Bitte nicht falsch verstehen: aber wir sind durch die Gnade der Geburt - sprich Züchtung - auf der richtigen Seite.

Nun darf ich überleiten zu meinem vorher angesprochenen Bericht in der Fachpresse über die korrekte Bewertung. Seit 40 Jahren mit Strukturtauben vertraut (u.a. Pfautauben), züchte ich seit 22 Jahren mit recht gutem Erfolg Altholl. Kapuziner. Das wichtigste ist m. E., das ein Züchter, der Erfolg haben will - immer vergleichen muss. Sowohl bei den Zuchtkollegen als auch bei offiziellen Tierbesprechungen. Und ich muss den Mut haben, Rassemerkmale durch Rasse- oder Farbkreuzungen zu festigen oder zu aktivieren. Dazu gehört genetisches Grundwissen und vor allem viel Geduld.

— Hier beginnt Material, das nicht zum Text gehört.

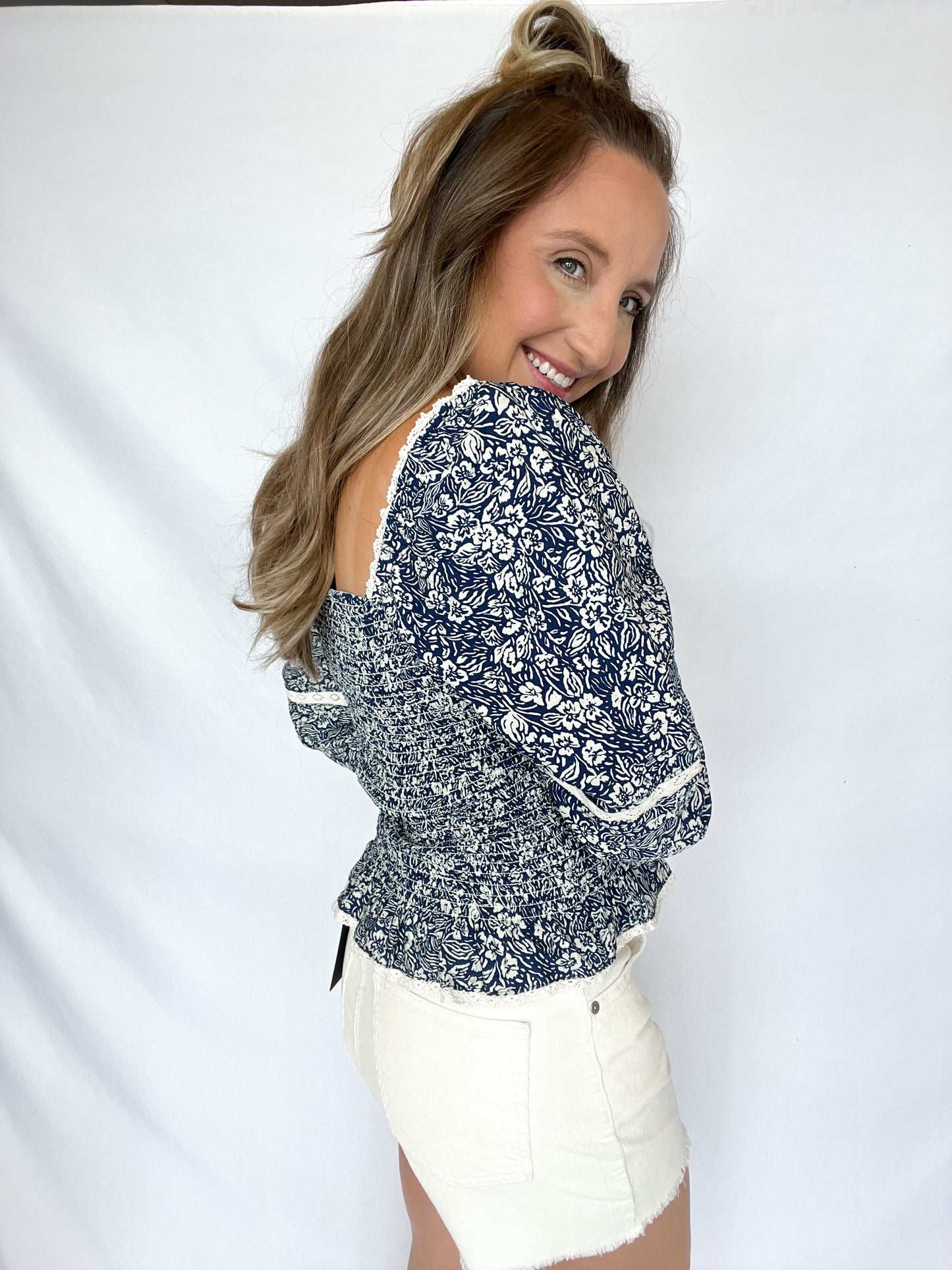 Smocked Bodice Top
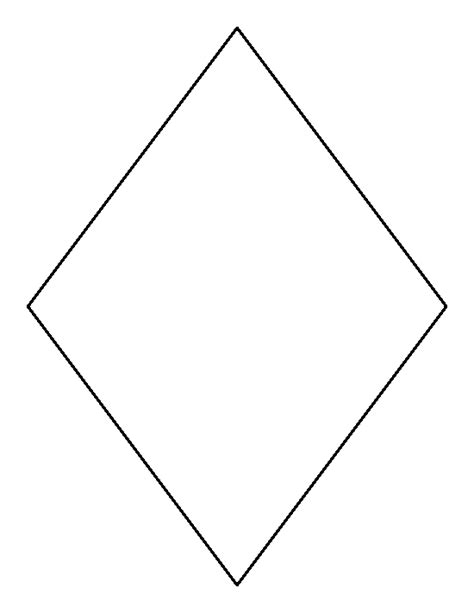 Printable Rhombus Template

Die Bewertung aus der Sicht des Sonderrichters

Diese Passage soll nicht zu ausführlich ausfallen, aber die entscheidenden Punkte müssen abgehandelt werden. Beim Bewerten muss der Typ (Figur mit gut gerundeter Brust) mit der geordneten Strukturanlage höchste Beachtung finden, dazu die nach dem Standard geforderte waagerechte Haltung. Hals- und Beinlänge sind Attribute, die bei guter Figur erst eine optimale Erscheinung bewirken. Halslänge - um die Struktur zu tragen und zu zeigen -und Benlänge - um den edlen Gesamteindruck zu präsentieren. Niedriger Stand und kurze Beine wirken plump und zeigen nicht die entsprechende Relation zur gewünschten Halslänge. Der Standard verlangt wohlwissend einen "mittelhohen Stand", nicht mehr und nicht weniger.

Wichtigste Grundlage für eine ordnungsgemäße Struktur ist die Halslänge. Die Kappenfeder sollte den Kopf um ca. 2 cm überragen, ihn also einbetten. Vom ist der so genannte Halskragen, der ohne Lücken oder aufzublättern in den Flügelbug einfließt Bei entsprechender Brust- und Kappenbreite passen zwei Finger zwischen den Halskragen. Auf der Hinterseite bilden sich die Nackenstrukturfedern, rund und voll angesetzt Die seitliche Rosette wünschen wir uns kurz oval, mit dem Hals verlaufend. Die gesamte Struktur sollte harmonisch gerundet und fest sein, keine straffe Mähne. Der Standard verlangt die Gefiederfarbe gleichmäßig und satt. Die Feder sollte jedoch nicht haarig werden.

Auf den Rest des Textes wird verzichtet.